A primary object of the present invention is to provide a process for treating a liquid hydrocarbon feed stream containing an organic sulfur compound, the process comprising the steps of contacting the liquid feed with an oxidizing agent at oxidation conditions, thereby yielding an effluent stream containing an oxidized organic sulfur compound, and; contacting the effluent stream with a solid decomposition catalyst at decomposition conditions effective to decompose the oxidized sulfur-containing compound, thereby yielding a treated liquid stream and a volatile sulfur compound.

In a preferred embodiment the present invention is a process for treating a hydrotreated diesel fuel feed stream containing a thiophene compound or a derivative thereof, the process comprising the steps of contacting the liquid feed with an alkyl hydroperoxide at oxidation conditions, thereby yielding an effluent stream containing a sulfone, and; contacting the effluent stream with a solid decomposition catalyst selected from the group consisting of layered double hydroxides, molecular sieves, inorganic metal oxides, and mixtures thereof at decomposition conditions effective to decompose the oxidized sulfur-containing compound, thereby yielding a treated liquid stream and a volatile sulfur compound.

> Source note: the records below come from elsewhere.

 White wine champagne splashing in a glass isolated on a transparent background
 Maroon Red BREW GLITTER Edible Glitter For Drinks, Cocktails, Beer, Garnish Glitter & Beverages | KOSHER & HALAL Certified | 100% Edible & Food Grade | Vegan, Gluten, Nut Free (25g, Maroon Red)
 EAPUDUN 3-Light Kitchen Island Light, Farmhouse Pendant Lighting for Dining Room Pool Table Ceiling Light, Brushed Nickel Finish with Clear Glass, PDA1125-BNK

In another embodiment the present invention is a process as described above, further comprising separating the treated liquid stream from the volatile sulfur compound.

The feed to the process of the present invention comprises broadly any liquid hydrocarbon stream contaminated with an organic sulfur-containing compound. More particularly applicable, however, are straight run and cracked oil refinery streams including naphtha, gasoline, diesel fuel, jet fuel, kerosene, and vacuum gas oil. These petroleum distillates invariably contain sulfur compounds, the concentrations of which depend on several factors including the crude oil source, specific gravity of the hydrocarbon fraction, and the nature of upstream processing operations.

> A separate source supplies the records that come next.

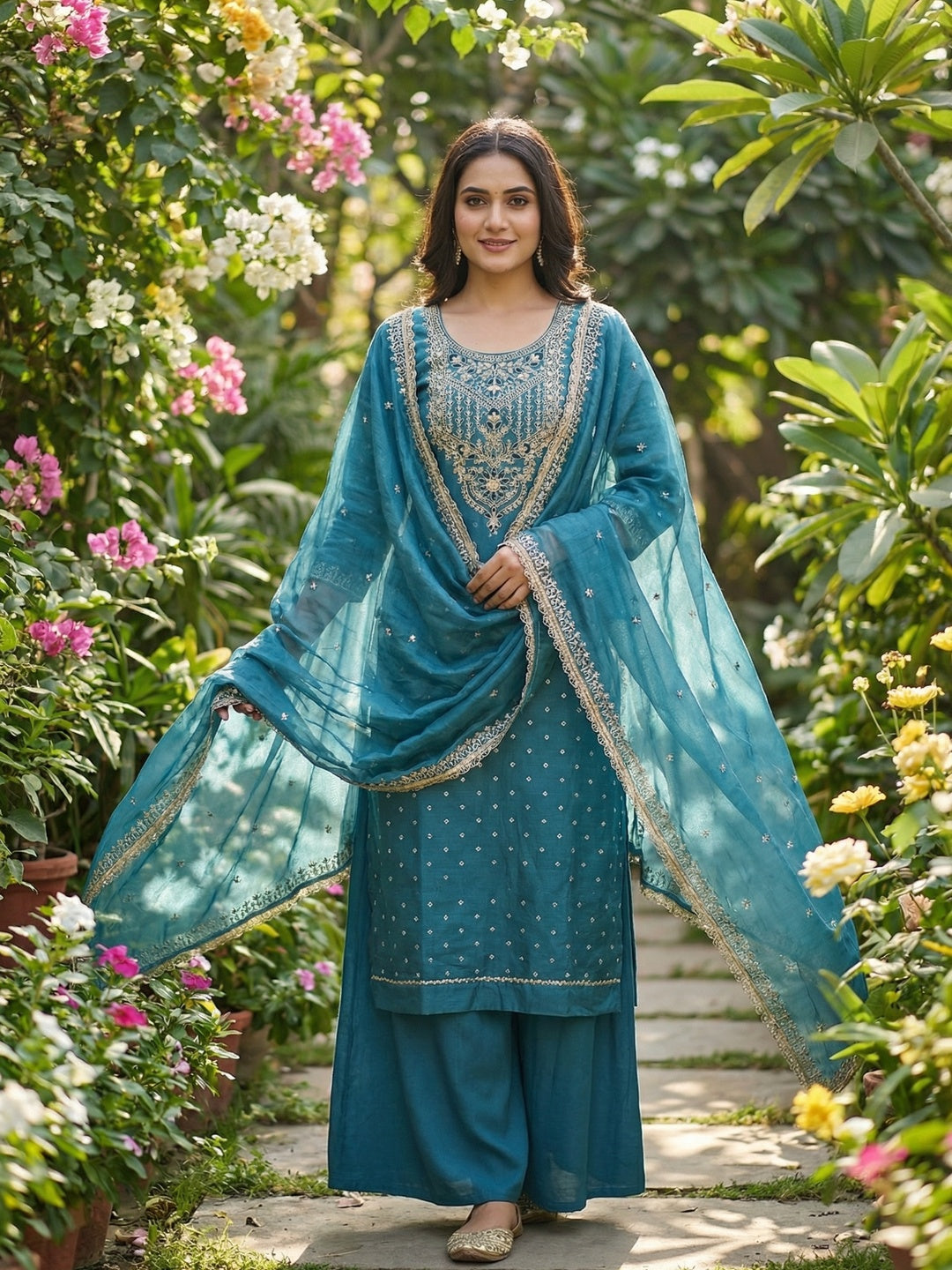 Premium Blue Floral Chanderi Cotton Dress Material Adorned With Cording Embroidery & Sequins Work - Image 2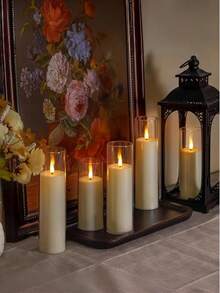 5-Pack Flameless Candle Lights With Timer/Remote Control, Battery Operated, LED Votive Candle Lights, Romantic Atmosphere Decorative Lights, Smokeless Electronic LED Candles For Christmas, Birthday, Home, Wedding, Birthday Decoration, Valentine's Day, Corporate Parties - 白色 - 查看 3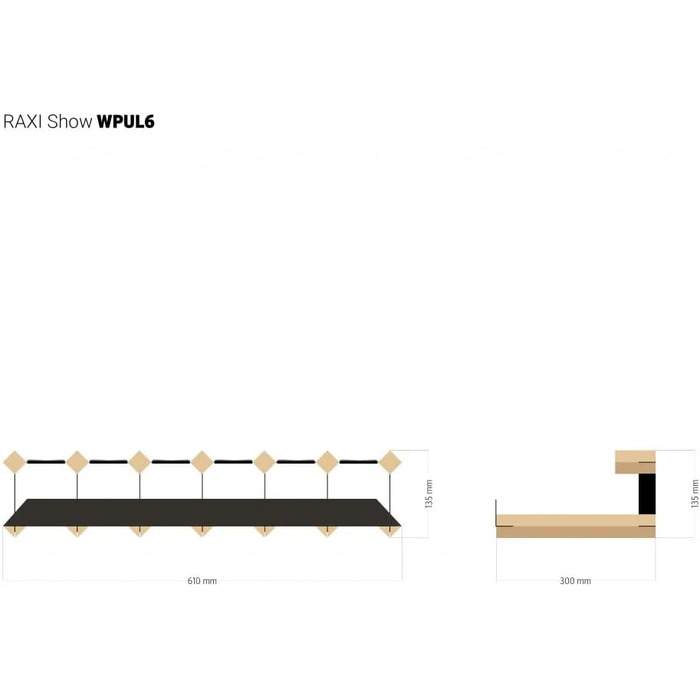 Стильна полиця для вина RAXI™ Show Premium з ешченого дерева на 2 пляшки, дизайн преміум-класу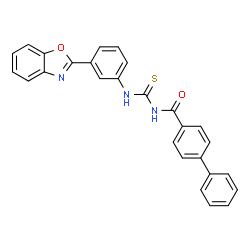 ChemSpider 2D Image | N-{[3-(1,3-Benzoxazol-2-yl)phenyl]carbamothioyl}-4-biphenylcarboxamide | C27H19N3O2S
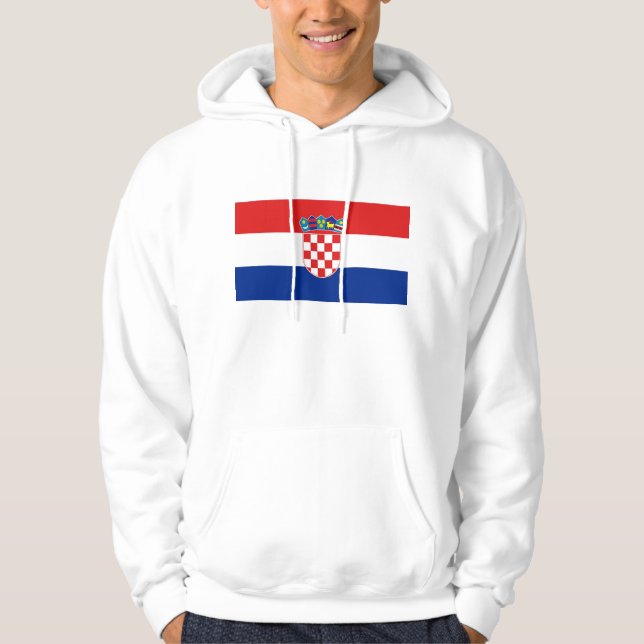 Moletom Com Capuz Sweatshirt Hooded com pavilhão da Croácia (Frente)
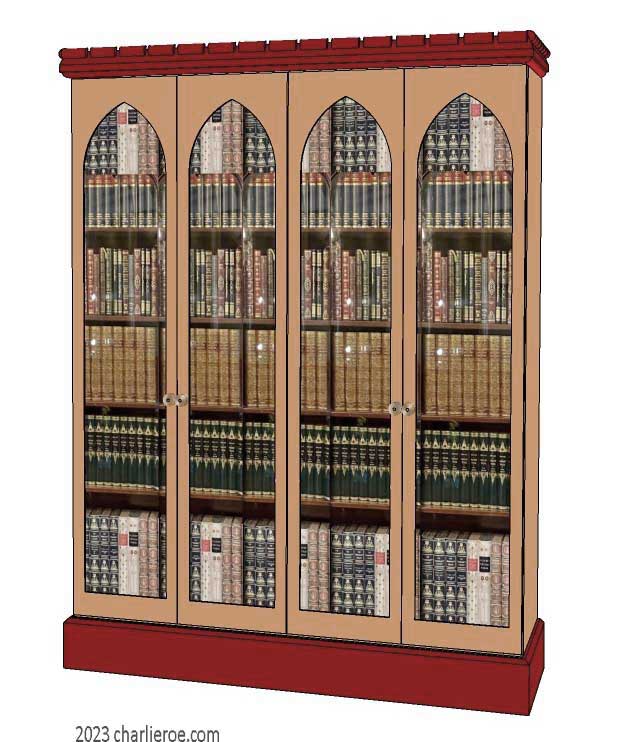new Gothic Gotik Gothique style painted 4 door bookcase, with tall lancet arch door panels with glazed and decorative Gothic patterns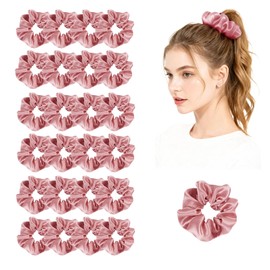 24Pack Satin Scrunchies For Women Silky Scrunchy Silk Hair Ties Ponytail Holder Hairs Bow Ropes Elastics Hairtie Accessories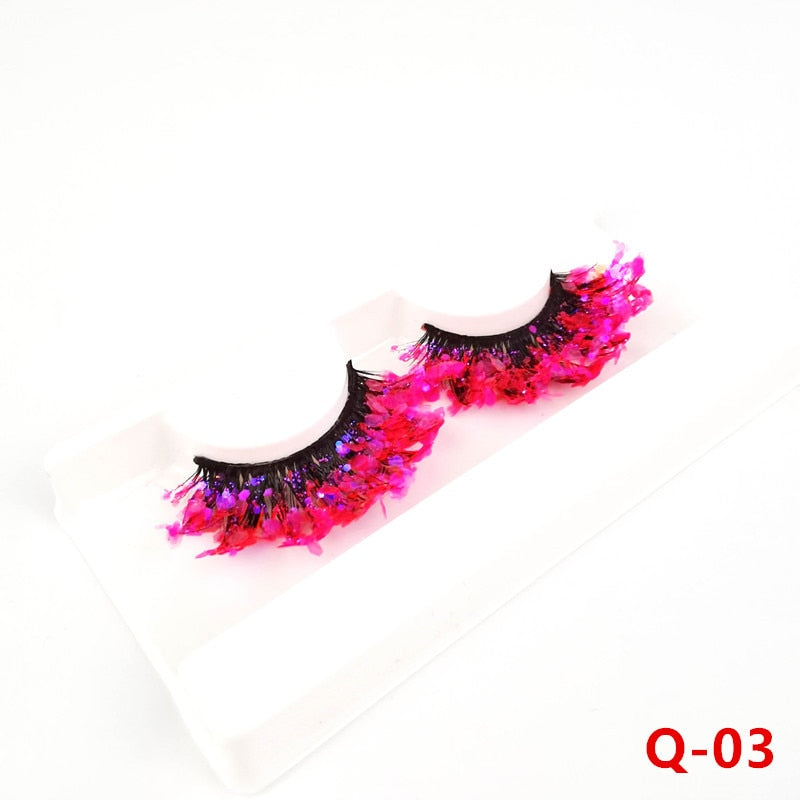 Fluorescence New mink color lashes wholesale natural long fluffy individual dramatic colorful false eyelashes Makeup Extension humolife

The present invention has been found to be particularly effective for converting sterically hindered sulfur compounds such as thiophenes and thiophene derivatives, that are known to be essentially non-reactive in hydrotreating (or hydrodesulfurization) reaction environments. For this reason, the oxidation/decomposition method of the present invention may be practiced either before or after conventional hydrotreating is performed on any of the aforementioned feed stocks to significantly enhance overall sulfur removal efficiency. If hydrotreating is performed first, the liquid hydrocarbon feed stream to the present invention is a hydrotreated naphtha, hydrotreated gasoline, hydrotreated diesel fuel, hydrotreated jet fuel, hydrotreated kerosene, or hydrotreated vacuum gas oil. Alternatively, hydrotreating can also be performed after the oxidation and decomposition steps to yield a high quality sulfur-depleted product.

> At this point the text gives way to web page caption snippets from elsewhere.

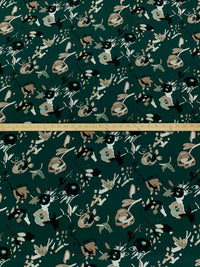 Deep Jungle Green/Black/Taupe/Multi 100% Rayon Abstract Floral Print Double Weave Crepe - NY Designer - 56W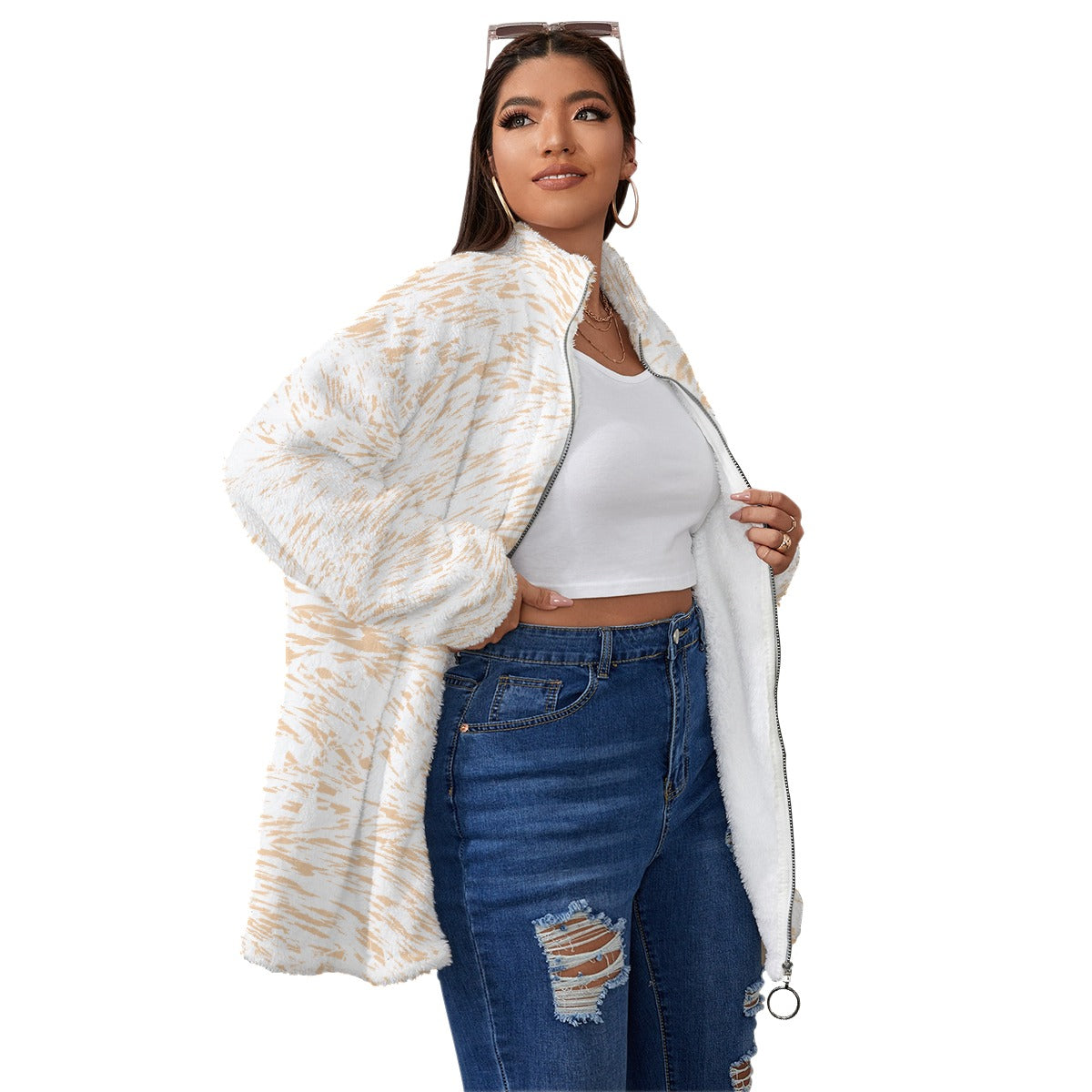 All-Over Print Unisex Borg Fleece Stand-up Collar Coat With Zipper Closure(Plus Size)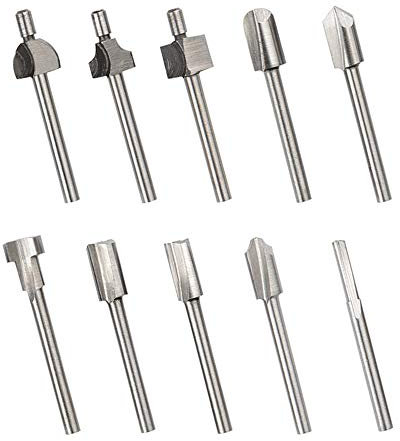 Bestgle 10Pcs Titanium Router Bits 1/8 Shank Carbide Engraving Milling Cutter Bit Set Compatible with Dremel Rotary Tools for DIY Woodworking, Carving, Trimming, Drilling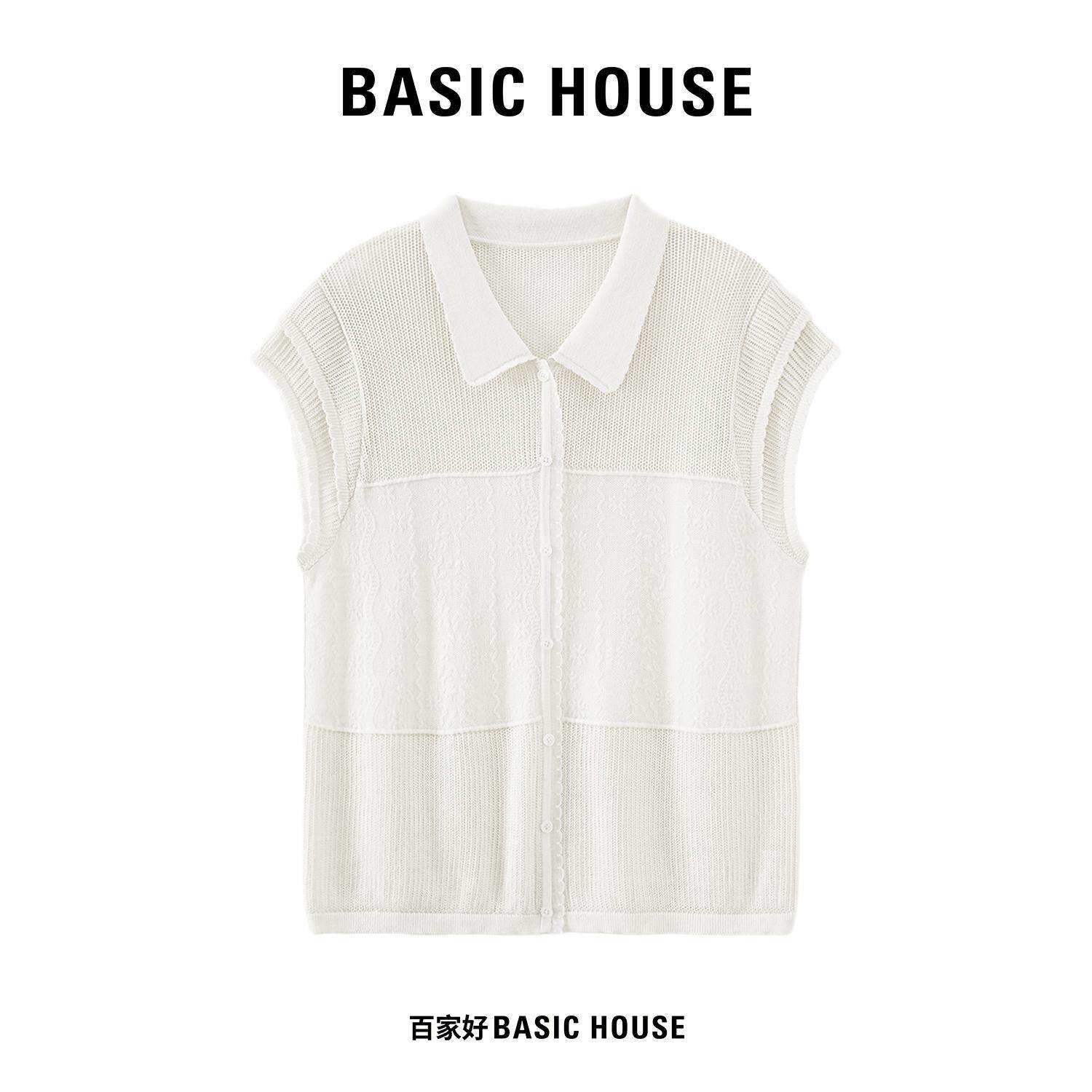 Basic House/百家好夏季轻薄镂空针织衫女花边翻领白色无袖上衣图片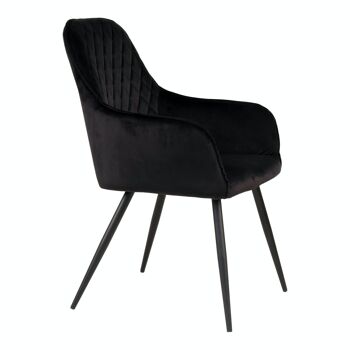 Harbo Dining Chair - Chaise en velours noir 4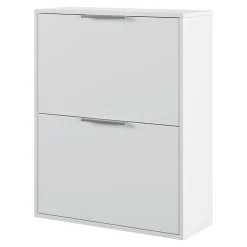 GoodHome Meuble rangement chaussures 2 niveaux blanc Pyrus l. 65 x H. 81 x P. 24,8 cm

Specific types of sulfur compounds of utmost concern in the refining industry, due to their refractory nature in otherwise effective hydrotreating environments, include thiophene, benzothiophene, dibenzothiophene and alkylated dibenzothiophenes. Alkylated dibenzothiophenes include the various isomers of methyl-substituted dibenzothiophenes such as 4-methyldibenzothiophene; 2,8-dimethyldibenzothiophene; and 3,7-dimethyldibenzothiophene. Other more complex sulfur-containing structures comprising at least three benzene, thiophene, or saturated rings as described in Ind. Eng. Chem. Res. 1991, 30, p. 2022 are also readily converted by the 2-step oxidation/decomposition method of the present invention.

In the first step of the treatment process, the liquid hydrocarbon stream to be treated is contacted with an oxidizing agent at oxidation conditions. Generally, the oxidation is carried out under mild conditions, at a temperature from about 40°C C. to about 120°C C. and an absolute pressure from about 0.5 to about 15 atmospheres. Suitable oxidizing agents have been found to be alkyl hydroperoxides (e.g. t-butyl hydroperoxide), peroxides (e.g. hydrogen peroxide), percarboxylic acids (e.g. peracetic acid) and oxygen. These compounds generally exhibit sufficient oxidation strength to convert thiophenes in the hydrocarbon feed to sulfones. Furthermore, hydroperoxides, peroxides, percarboxylic acids, and oxygen are desirable as oxidizing agents due to their acceptable solubility in the hydrocarbon feed under oxidation conditions.

In general, the oxidizing agent should be introduced in at least the stoichiometric equivalent quantity of the feed sulfur, and preferably in an amount from about 1 to about 100 moles per mole of sulfur in the liquid feed. Vigorous mixing of the oxidizing agent and liquid hydrocarbon is advantageous in the oxidation step and typically performed using an appropriate means of agitation such as a mechanical stirrer. Alternatively, liquid-liquid contact can also be enhanced with a static mixer. When oxygen gas is used for the oxidation step, a sparger or other type of gas distributor is usually beneficial at the point of injection to achieve sufficient mixing to overcome mass transfer limitations. The oxidation reaction may be carried out batch wise or continuously. For batch operation, a stirred tank reactor is appropriate, while continuous operation typically requires a continuously stirred tank reactor (CSTR). In either batch or continuous operation, a reactor residence time of about 1 to about 48 hours is preferred. In CSTR operation the residence time is understood to mean the average residence time of the reactants in the reactor.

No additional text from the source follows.